Yukarıda belirtilen karara karşı süresi içinde asıl ve birleştirilen davalarda davacı Hazine tarafından temyiz isteminde bulunulmuştur.

2. Bozma Kararı

Dairenin 03.10.2011 tarihli ve 2011/8601 Esas, 2011/9744 Karar sayılı kararı ile; “...28.11.1997 tarihli, 5/3 sayılı İçtihadı Birleştirme Kararı da gözetilmek suretiyle iddia ve savunma doğrultusunda taraf delilleri toplanarak ortaya çıkacak sonuca göre 6099 sayılı Yasa'da gözönüne alınmak suretiyle işin esası bakımından bir hüküm kurulması gerektiği” gerekçesiyle kararın bozulmasına karar verilmiştir.
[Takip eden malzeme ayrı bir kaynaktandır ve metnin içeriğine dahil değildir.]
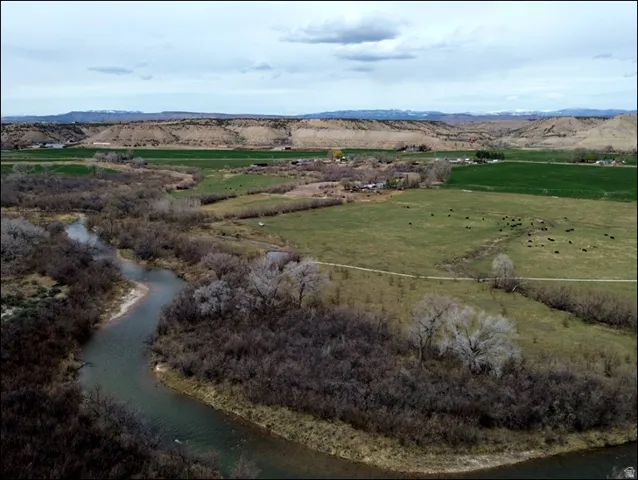 Overview of rural landscape featuring a water and mountain view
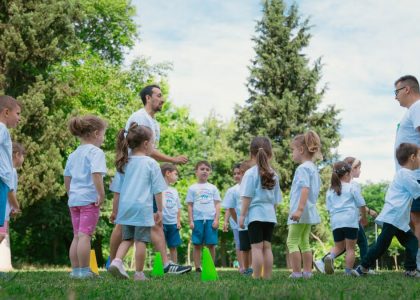 Group of children and teachers playing and learning in a sunny park setting.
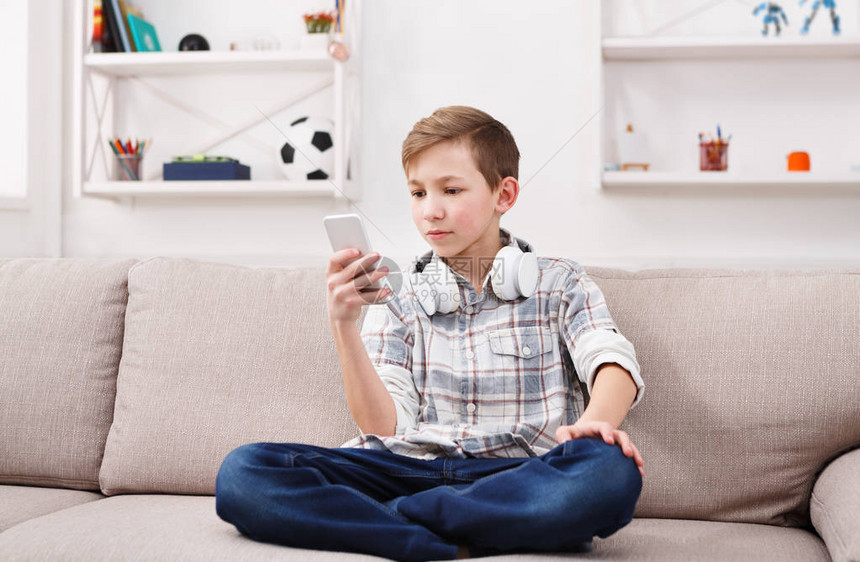青少年在家里客厅的沙发上通过手机向朋友聊天图片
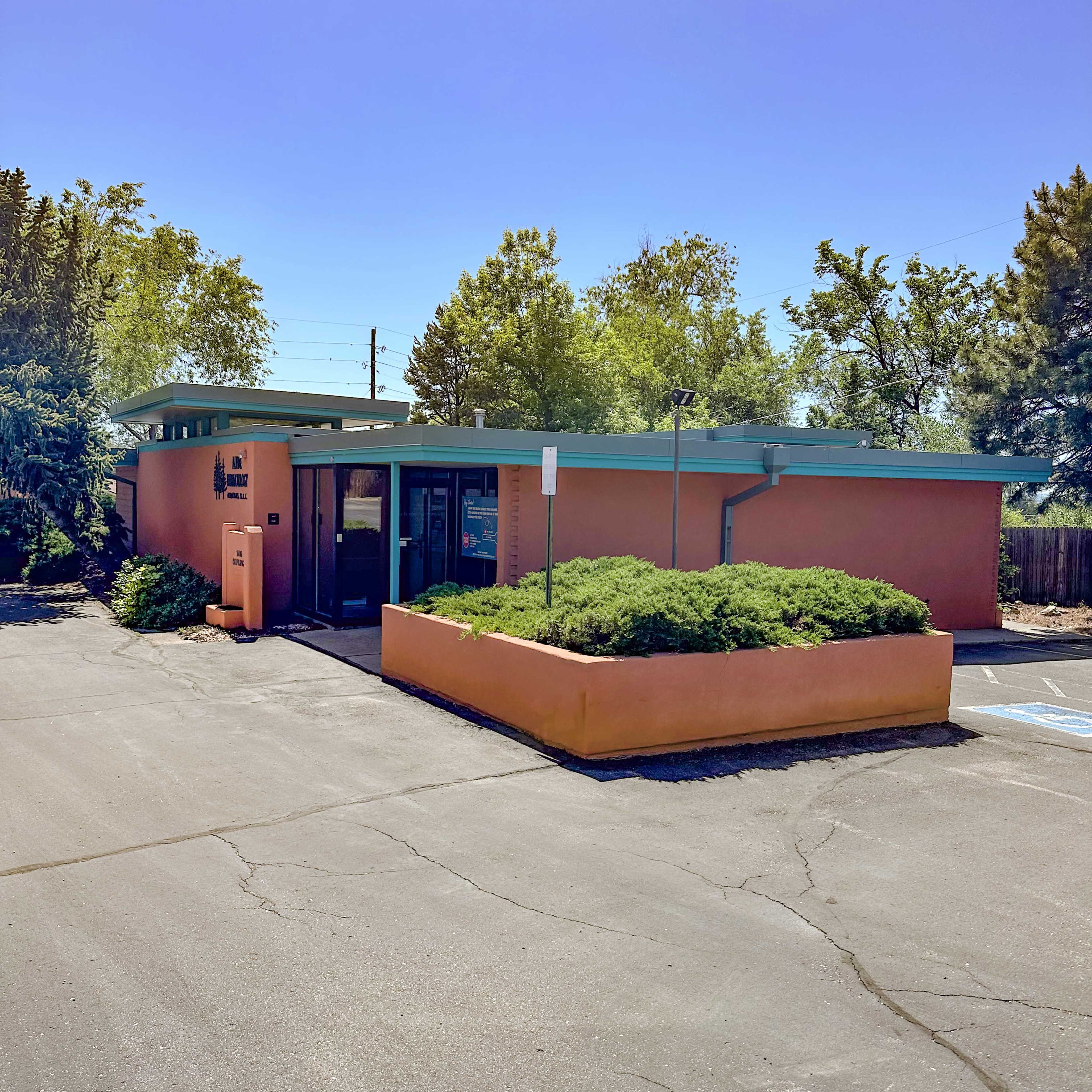 The image depicts a single-story, pink building with a turquoise roof, surrounded by green shrubbery and located in a parking area.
3. Mahkemesince Bozmaya Uyularak Verilen Karar

Mahkemenin 04.06.2013 tarihli ve 2012/520 Esas, 2013/550 Karar sayılı kararıyla; bilirkişi raporu ile taşınmazın 731,82 m2'lik kısmının kıyı kenar çizgisi içinde kaldığının saptandığı gerekçesiyle belirtilen kısım yönünden tapu iptali ile kıyı olarak tapudan terkinine, müdahalenin menine ve yıkıma karar verilmiştir.

4. Bozma Sonrası Mahkeme Kararına Karşı Temyiz Yoluna Başvuranlar

Mahkemenin yukarıda belirtilen kararına karşı süresi içinde birleştirilen davada davalı ... dışındaki tüm taraflarca temyiz isteminde bulunulmuştur.

5. Temyiz Nedenleri

5.1. Asıl ve birleştirilen davalarda davacı temyiz dilekçesinde özetle, gerekçe ve hükmün çelişkili olduğunu, kıyıkenar olarak saptanan alanın eksik olduğunu, yasal olarak usule uygun bilirkişi heyeti oluşturulmadığını ileri sürerek, kararın bozulmasını istemiştir.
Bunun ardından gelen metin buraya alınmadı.